Dataset section:
*** Begin section ***

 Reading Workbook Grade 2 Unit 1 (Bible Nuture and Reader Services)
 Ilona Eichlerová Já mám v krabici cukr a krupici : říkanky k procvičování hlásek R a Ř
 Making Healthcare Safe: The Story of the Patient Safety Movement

*** End section ***

Required work:
Everything in the data must be repeated exactly; leave no line out.

Answer box:
 Reading Workbook Grade 2 Unit 1 (Bible Nuture and Reader Services)
 Ilona Eichlerová Já mám v krabici cukr a krupici : říkanky k procvičování hlásek R a Ř
 Making Healthcare Safe: The Story of the Patient Safety Movement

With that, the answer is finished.